# TASK-028: Optimize file indexing performance
## Priority: High
## Status: To Do
## Description
Current file indexing performance is extremely slow, taking approximately 30 seconds to index just 12 files (2.5 seconds per file). This will result in unacceptable performance for larger codebases. We need to investigate performance optimizations to dramatically improve indexing speed.
There's an alternative implementation at https://github.com/randomm/local-indexing-mcp that reportedly achieves much faster indexing. We should study its approach and integrate the best practices into our system.
## Requirements
- Analyze indexing bottlenecks (file processing, embedding generation, database operations)
- Study the referenced alternative implementation for performance techniques
- Implement parallel processing for file indexing where appropriate
- Optimize database operations (batch inserts, connection pooling)

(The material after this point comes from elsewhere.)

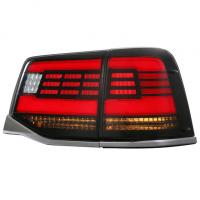 Задние фонари Тойота Ленд Крузер 200 2016-2020 модель №2, комплект: Л+П, тонированные, бегущий поворотник, арт:MF-TL-000517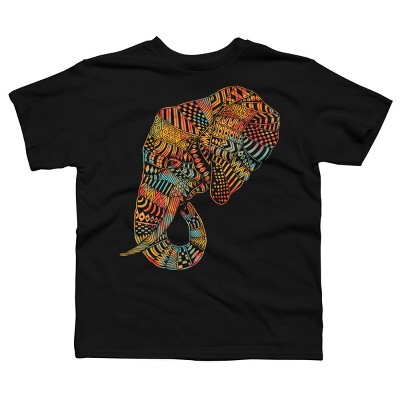 Boy's Design By Humans Elephant (Majestic) By kase T-Shirt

- Benchmark performance improvements with various codebase sizes
## Implementation Details
1. Profile current indexing implementation to identify slowest components
2. Review the alternative implementation's approach to file processing
3. Implement parallel file processing and embedding generation
4. Add batching for vector database operations
5. Consider implementing incremental indexing for changed files only
6. Optimize SentenceTransformer settings for faster inference
## Acceptance Criteria
- At least 10x improvement in indexing speed
- Ability to handle large codebases (10,000+ files) in a reasonable time
- Clear performance metrics documented for different codebase sizes
- Minimal memory overhead for parallel processing
## Related Files
- `/src/file_processor.py`
- `/src/vector_search.py`
- `/src/main.py`
## Notes
The target index speed should be at least 10 files per second on average hardware. The alternative implementation may use different embedding techniques or optimizations for the vector database that we can adopt.